The libraris used on this project are:
- **statsbombpy:** this is the main library. This is the python library provided by Stats Bomb to import games information from their database. You can read more about it here: https://github.com/statsbomb/statsbombpy

- **pandas:** popular library for dataframe manipulation
- **mplsoccer:** this library include functions and method to generate soccer related visuals so we can present football soccer analysis. For instance, we can generate a soccer field with the measures we want and add visuals for passes directions, hearmaps, percentage of ball possesion per area in the pitch, etc. You can read more about it here: https://mplsoccer.readthedocs.io/en/latest/
- **highlight_text:** this package help us to create easy anotations in matplolib. You can read more about ir here: https://pypi.org/project/highlight-text/
- **matplotlob.colors & matplotlib.pyplot:** helps us to create statistical charts with python.
- **openpyxl:** help us to manipulate excel files. This is useful when we want to export (for example) the information to an Excel file. Also could help us to manipulates rows and colums inside the Excel file, just like we could do with a macro using VBA.

In [55]:
from statsbombpy import sb
import pandas as pd
from mplsoccer import VerticalPitch,Pitch
from highlight_text import ax_text, fig_text
from matplotlib.colors import LinearSegmentedColormap
import matplotlib.pyplot as plt
import openpyxl

### Geeting competion matches

The first step is get the information we need. As the way of statsbomb information is designed, we need to provide the competition id and the season id (Basically the competion's year)

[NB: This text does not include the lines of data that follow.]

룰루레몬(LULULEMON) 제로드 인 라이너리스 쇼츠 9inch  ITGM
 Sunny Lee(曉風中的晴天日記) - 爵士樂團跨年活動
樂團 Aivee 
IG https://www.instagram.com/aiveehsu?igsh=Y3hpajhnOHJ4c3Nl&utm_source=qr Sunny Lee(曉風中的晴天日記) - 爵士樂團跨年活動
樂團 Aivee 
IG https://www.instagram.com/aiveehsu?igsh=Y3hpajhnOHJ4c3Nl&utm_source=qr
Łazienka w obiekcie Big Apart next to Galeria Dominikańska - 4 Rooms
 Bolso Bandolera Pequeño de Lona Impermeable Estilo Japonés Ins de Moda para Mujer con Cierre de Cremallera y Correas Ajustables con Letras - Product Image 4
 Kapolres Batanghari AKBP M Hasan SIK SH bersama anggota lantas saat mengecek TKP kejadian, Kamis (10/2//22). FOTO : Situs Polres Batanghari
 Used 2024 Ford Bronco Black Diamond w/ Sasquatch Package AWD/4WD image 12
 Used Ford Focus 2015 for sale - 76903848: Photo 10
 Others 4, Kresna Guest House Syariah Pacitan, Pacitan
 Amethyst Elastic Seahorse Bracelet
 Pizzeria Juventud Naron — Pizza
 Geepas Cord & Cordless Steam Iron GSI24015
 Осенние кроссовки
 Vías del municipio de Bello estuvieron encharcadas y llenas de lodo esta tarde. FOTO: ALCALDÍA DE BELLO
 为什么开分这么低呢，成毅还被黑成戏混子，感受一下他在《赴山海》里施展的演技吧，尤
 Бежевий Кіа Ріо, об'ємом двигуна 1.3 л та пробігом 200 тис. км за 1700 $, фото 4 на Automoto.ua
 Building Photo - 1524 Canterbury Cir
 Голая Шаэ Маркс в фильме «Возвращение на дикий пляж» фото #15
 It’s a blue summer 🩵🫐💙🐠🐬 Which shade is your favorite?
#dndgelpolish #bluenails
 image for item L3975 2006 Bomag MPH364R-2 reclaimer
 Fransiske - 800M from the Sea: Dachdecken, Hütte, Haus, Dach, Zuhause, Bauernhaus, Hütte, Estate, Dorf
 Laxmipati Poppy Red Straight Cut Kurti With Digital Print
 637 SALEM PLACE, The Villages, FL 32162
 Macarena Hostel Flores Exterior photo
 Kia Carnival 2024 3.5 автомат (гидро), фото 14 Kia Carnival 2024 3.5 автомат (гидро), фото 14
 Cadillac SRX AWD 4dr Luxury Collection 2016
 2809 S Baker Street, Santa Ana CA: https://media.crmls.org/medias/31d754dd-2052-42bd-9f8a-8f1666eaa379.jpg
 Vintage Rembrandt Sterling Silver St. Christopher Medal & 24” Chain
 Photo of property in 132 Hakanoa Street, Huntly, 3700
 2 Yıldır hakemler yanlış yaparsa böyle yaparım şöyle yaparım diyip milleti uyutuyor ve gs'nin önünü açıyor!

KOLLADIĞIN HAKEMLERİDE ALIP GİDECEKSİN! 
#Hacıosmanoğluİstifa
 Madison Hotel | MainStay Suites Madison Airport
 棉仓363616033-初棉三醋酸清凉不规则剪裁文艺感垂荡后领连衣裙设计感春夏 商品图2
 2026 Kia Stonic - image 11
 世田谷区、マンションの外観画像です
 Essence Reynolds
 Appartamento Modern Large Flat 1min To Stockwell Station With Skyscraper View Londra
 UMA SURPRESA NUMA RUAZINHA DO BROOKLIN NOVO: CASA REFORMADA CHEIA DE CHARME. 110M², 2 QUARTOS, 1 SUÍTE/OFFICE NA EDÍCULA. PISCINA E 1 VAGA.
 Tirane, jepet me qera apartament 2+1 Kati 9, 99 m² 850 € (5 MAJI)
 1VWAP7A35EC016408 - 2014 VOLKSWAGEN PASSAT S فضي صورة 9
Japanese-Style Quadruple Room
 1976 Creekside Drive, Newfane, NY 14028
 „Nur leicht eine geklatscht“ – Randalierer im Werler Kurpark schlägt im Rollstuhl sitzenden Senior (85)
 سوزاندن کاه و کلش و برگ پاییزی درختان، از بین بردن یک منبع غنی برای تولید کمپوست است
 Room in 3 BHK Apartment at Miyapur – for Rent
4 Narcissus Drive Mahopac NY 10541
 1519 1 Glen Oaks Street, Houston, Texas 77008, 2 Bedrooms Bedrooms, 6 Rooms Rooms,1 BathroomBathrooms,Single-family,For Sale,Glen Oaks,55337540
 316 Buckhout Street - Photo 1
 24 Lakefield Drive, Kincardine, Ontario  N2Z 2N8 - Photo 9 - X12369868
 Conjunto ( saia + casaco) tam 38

We are getting the games from the FIFA World Cup 2022 as follows

In [56]:
competion_id = 43 #Fifa World Cup
season_id = 106   #Year 2022

matches_data = sb.matches(competition_id=competion_id, season_id=season_id)
matches_data.columns

Index(['match_id', 'match_date', 'kick_off', 'competition', 'season',
       'home_team', 'away_team', 'home_score', 'away_score', 'match_status',
       'match_status_360', 'last_updated', 'last_updated_360', 'match_week',
       'competition_stage', 'stadium', 'referee', 'home_managers',
       'away_managers', 'data_version', 'shot_fidelity_version',
       'xy_fidelity_version'],
      dtype='object')

Notice that the marches_data dataframe now contains the matches' information for the competition and season we need. The output of the **matches_date.columns** command is the list of columns available.

Let's analyse one game, the great final of the tourtnament! Argentina vs France

What we are going to do is to get the Argentina games (we could us France's games too) and save the result in a dataframe named **argentina_matches**. Then we sout the result by the match week. This way we can see Argentina' progression during the tourtnament.

In [57]:
#Checking all Argentina games
argentina_matches = matches_data[(matches_data["home_team"] == "Argentina") | (matches_data["away_team"] == "Argentina")]
argentina_matches.sort_values(by="match_week")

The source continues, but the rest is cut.